Saturday, March 20, 2010

Intellectuals, Intellectuals.

There is a grave problem with that word – intellectual – and the way we have come to use it in contemporary conversation. When you think about it, there has always been a problem. In the days of yore, those who were well read, and usually on the side of the establishment were intellectuals. They were renaissance men oriented towards the classics, comfortably modern philosophy, scientific rationality, with refined tastes that only the elite could afford to successfully pursue. Those who were women, expressed ideas too radical or partook of common, vulgar culture, were not.

Today, an intellectual cannot favour the establishment. The scientist is not an intellectual. The bookworm, that vast repository of knowledge, expressing herself in awkward phrases, is not an intellectual. Anyone of the right wing is not an intellectual. Anyone who contradicts absolute equality is not an intellectual. And we still exclude the culture of the vulgar.

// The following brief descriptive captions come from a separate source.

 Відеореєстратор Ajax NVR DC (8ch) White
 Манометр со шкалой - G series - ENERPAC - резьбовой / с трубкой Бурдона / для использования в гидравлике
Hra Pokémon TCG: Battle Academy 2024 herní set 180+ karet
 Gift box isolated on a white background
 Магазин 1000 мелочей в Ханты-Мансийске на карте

That leaves us with an inadequate sort of intellectual. One who has the wherewithal and panache to speak out in public, be a bit of an anarchist with a sufficient amount of patriotism, be able to speak with a hint of that global citizen accent, indulge only in the refinement of the elite, while only in word defending the equi-stature of other sorts of culture. An intellectual must also not be comfortable with technology, look presentably good and allude to literature, music and cinema that his company is unlikely to have heard of.

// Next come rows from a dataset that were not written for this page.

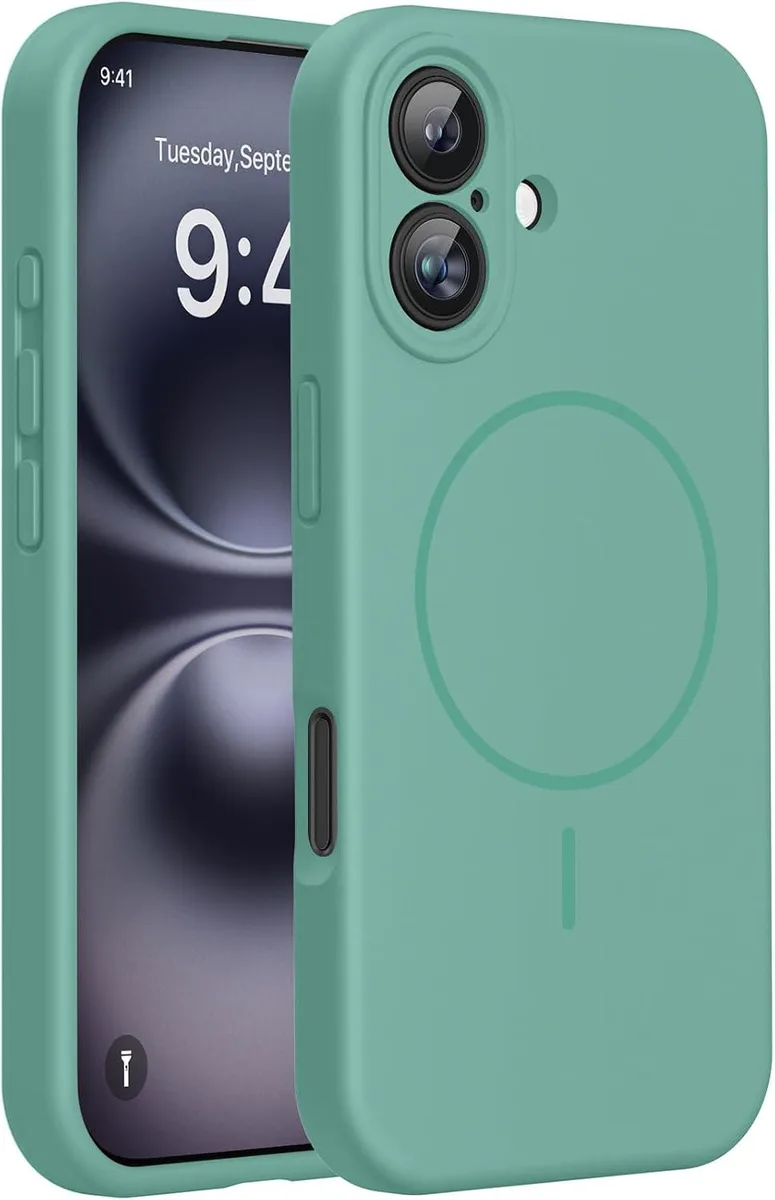 Transcend Transcend iPhone 16 Case Liquid Silicone Midnight Green 3.0 mm — product photo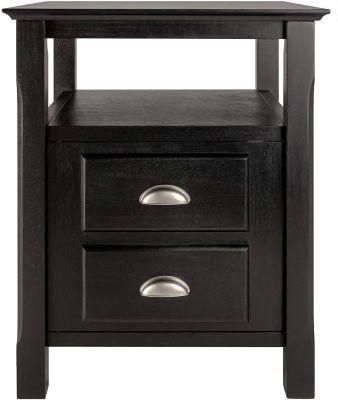 End Table / Side Table / Night Stand / Bedside Table with Bin Drawer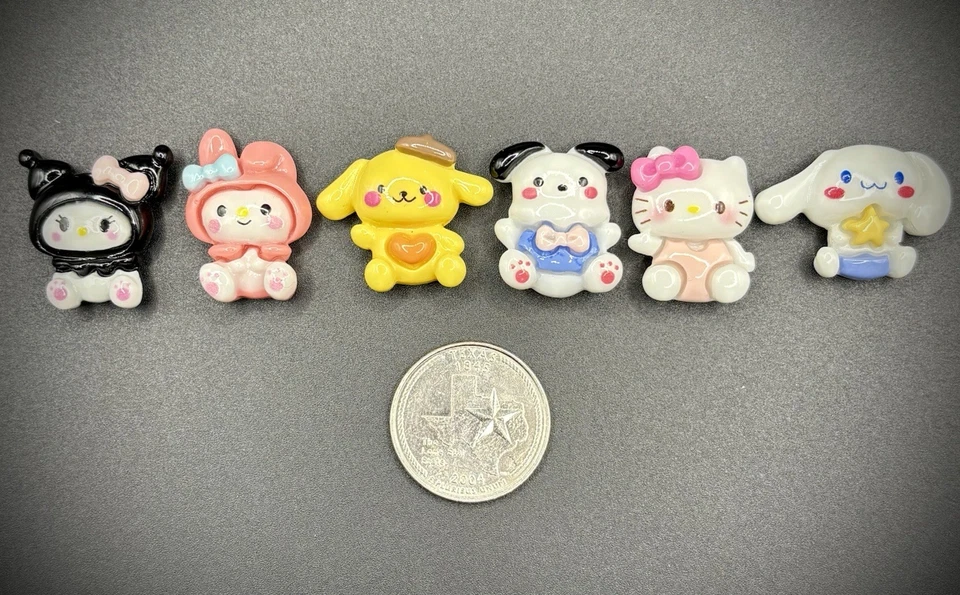 16 fichas de cubierta magnética Hello Kitty Sanrio Friends lotería mexicana varita de ficha Foto 3 de 3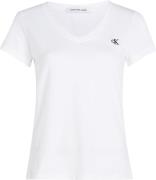 Calvin Klein CK Embroidery Stretch Vneck Kvinde Yaf Kortærmede T-shirt...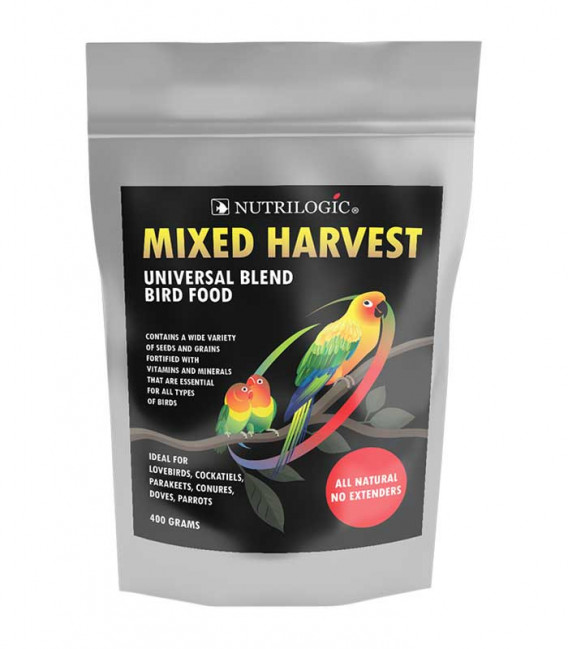 Nutrilogic Mixed Harvest 400g Bird Food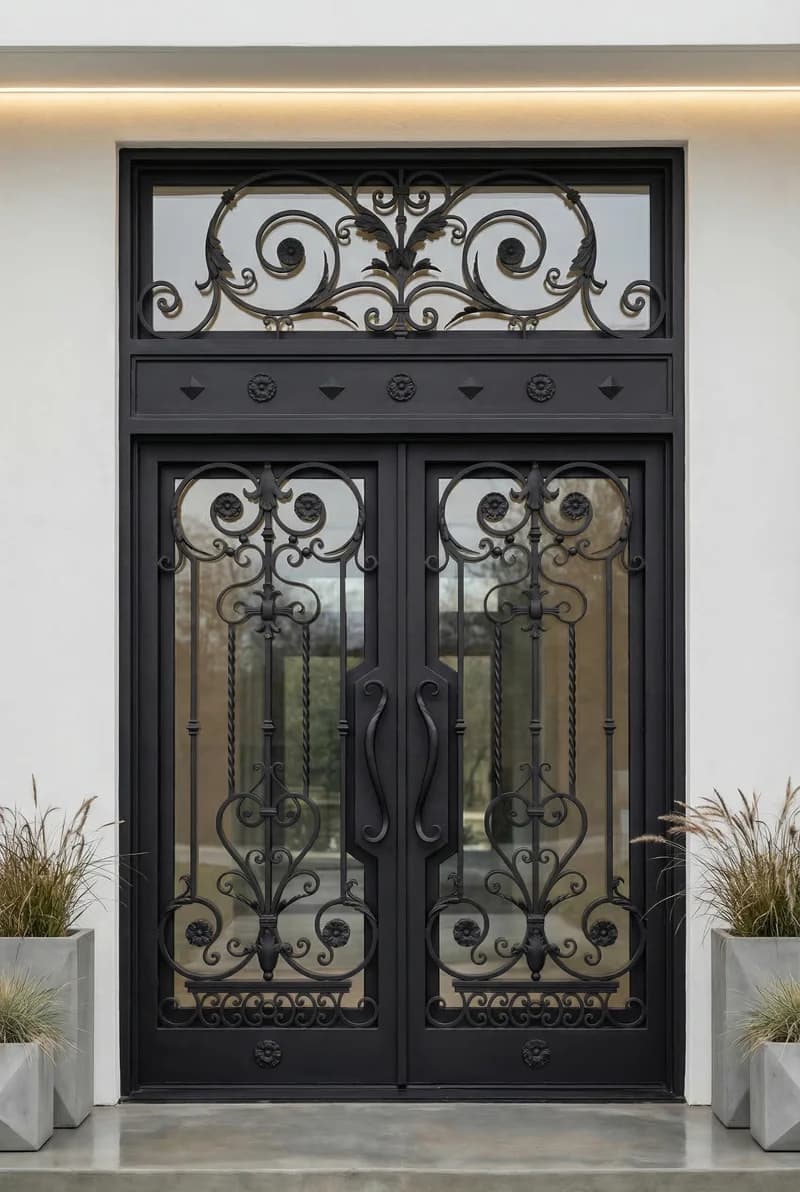 With Sidelights Double Door in setting - DT009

Allusion, in fact, is the most integral component of the sort of intellectual we savour today. Refer to things in order to be taken seriously. Refer to the most obscure. Creativity, at least in social company, the simplistic sort that reduces problems to apples and oranges, is not a sign of intellect. But watch out for that man over there, referring to a paper the latest neo-marxist toast of the season wrote for that journal. Watch out for the lady that just quoted Bertrand Russell, and name dropped Rembrandt and Umberto Eco. These collectors of information about other people have reduced the exercise of intellect to a contest – who can use the biggest word in the room?

I humbly suggest that if we are to so grossly misrepresent, and more importantly, usurp the word to pedestal some people, and omit those who are genuine and sincere in their entreaties, then do away with the word entirely. Because using Latin phrases will neither get your point across, nor serve the cause of intellectual human progress.